Conclusion : les élections et après
Eu égard aux désordres récurrents que suscitent les opérations électorales, en RDC comme dans bien d’autres États africains, on ne peut s’empêcher de s’interroger sur le bien-fondé non pas du principe de la représentation populaire mais de ses modalités. La représentation du « souverain primaire » ne passe pas forcément par le suffrage universel. Celui-ci n’est pas en soi une valeur démocratique comme en témoignent les « démocratures ». Il s’inscrit dans une histoire, celle des transformations économiques, sociales et culturelles relevant du temps long.

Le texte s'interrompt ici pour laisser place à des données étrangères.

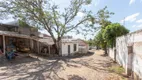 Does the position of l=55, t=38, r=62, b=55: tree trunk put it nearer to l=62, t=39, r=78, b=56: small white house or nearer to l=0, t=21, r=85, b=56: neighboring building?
l=0, t=21, r=85, b=56: neighboring building

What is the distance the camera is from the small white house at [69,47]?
72.0ft

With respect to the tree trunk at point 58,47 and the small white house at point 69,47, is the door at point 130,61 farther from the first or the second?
the small white house at point 69,47

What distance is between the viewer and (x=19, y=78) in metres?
7.54

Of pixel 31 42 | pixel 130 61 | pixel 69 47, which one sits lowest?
pixel 130 61

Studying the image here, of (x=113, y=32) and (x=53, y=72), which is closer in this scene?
(x=53, y=72)

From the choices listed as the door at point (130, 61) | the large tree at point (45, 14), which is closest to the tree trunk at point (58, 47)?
the large tree at point (45, 14)

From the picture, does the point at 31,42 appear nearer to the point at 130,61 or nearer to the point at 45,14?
the point at 45,14

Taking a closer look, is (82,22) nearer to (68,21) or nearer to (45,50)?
(68,21)

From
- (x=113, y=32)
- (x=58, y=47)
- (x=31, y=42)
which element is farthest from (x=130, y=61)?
(x=31, y=42)

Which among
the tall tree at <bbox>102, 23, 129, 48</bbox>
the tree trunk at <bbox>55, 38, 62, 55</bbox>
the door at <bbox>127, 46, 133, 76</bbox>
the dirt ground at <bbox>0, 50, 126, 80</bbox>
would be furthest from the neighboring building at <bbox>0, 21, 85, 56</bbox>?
the door at <bbox>127, 46, 133, 76</bbox>

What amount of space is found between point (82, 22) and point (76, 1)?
10.7 feet

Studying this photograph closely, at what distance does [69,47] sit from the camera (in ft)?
76.3

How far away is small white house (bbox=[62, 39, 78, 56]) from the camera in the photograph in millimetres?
21938

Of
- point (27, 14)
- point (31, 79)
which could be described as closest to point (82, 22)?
point (27, 14) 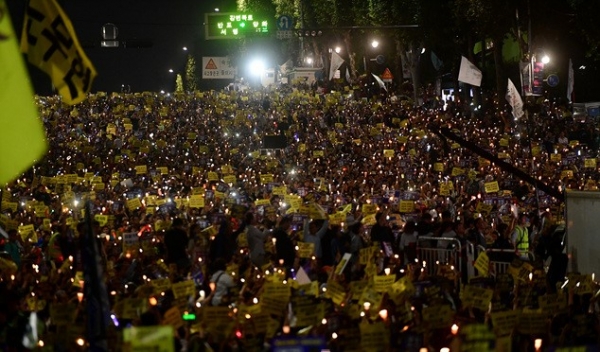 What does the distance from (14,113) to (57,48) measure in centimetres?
120

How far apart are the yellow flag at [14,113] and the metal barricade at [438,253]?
9.26 meters

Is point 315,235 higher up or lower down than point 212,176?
lower down

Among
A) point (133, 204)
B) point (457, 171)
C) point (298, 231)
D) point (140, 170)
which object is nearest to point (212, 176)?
point (140, 170)

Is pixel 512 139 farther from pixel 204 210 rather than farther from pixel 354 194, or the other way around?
pixel 204 210

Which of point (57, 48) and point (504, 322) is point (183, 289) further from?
point (57, 48)

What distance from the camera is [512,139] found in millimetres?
29859

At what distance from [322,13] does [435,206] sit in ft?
160

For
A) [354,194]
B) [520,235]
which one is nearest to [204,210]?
[354,194]

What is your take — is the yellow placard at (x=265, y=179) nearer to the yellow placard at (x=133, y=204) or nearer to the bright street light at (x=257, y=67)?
the yellow placard at (x=133, y=204)

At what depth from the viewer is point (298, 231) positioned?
56.5 feet

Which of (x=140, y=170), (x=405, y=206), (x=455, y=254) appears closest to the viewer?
(x=455, y=254)

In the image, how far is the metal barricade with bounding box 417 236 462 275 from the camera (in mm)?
15320

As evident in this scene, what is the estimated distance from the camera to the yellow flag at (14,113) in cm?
656

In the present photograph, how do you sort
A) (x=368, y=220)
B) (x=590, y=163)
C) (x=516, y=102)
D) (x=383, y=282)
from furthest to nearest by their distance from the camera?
(x=516, y=102)
(x=590, y=163)
(x=368, y=220)
(x=383, y=282)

En Europe le suffrage a longtemps été censitaire, ou indirect avant d’être universel et élargi – tardivement en France – aux femmes. En Afrique, le mimétisme constitutionnel post colonial, la « greffe de l’État » et de ses institutions calquées sur le modèle des anciennes métropoles n’ont tenu compte ni des spécificités des systèmes locaux de pouvoir, ni de la lenteur des maturations sociopolitiques. L’application des textes est trop souvent aveugle aux contextes. Au Congo, certains intellectuels préconisent des formules de représentation indirecte à différents échelons territoriaux du village jusqu’à l’Etat. Ils en attendent une plus grande proximité géographique et culturelle entre le corps social et ses représentants, et pour certains une reconnaissance des fondements ethniques de la société contrebalançant l’abstraction citoyenne. L’émancipation de l’Afrique passe par l’invention de modalités de gouvernement répondant mieux aux aspirations des peuples que la réplication formelle des modèles élaborés par les démocraties occidentales. Le défi démographique et l’inscription du continent dans une mondialisation qui dissout ce qui reste du cordon ombilical de l’histoire coloniale y pousseront sans doute.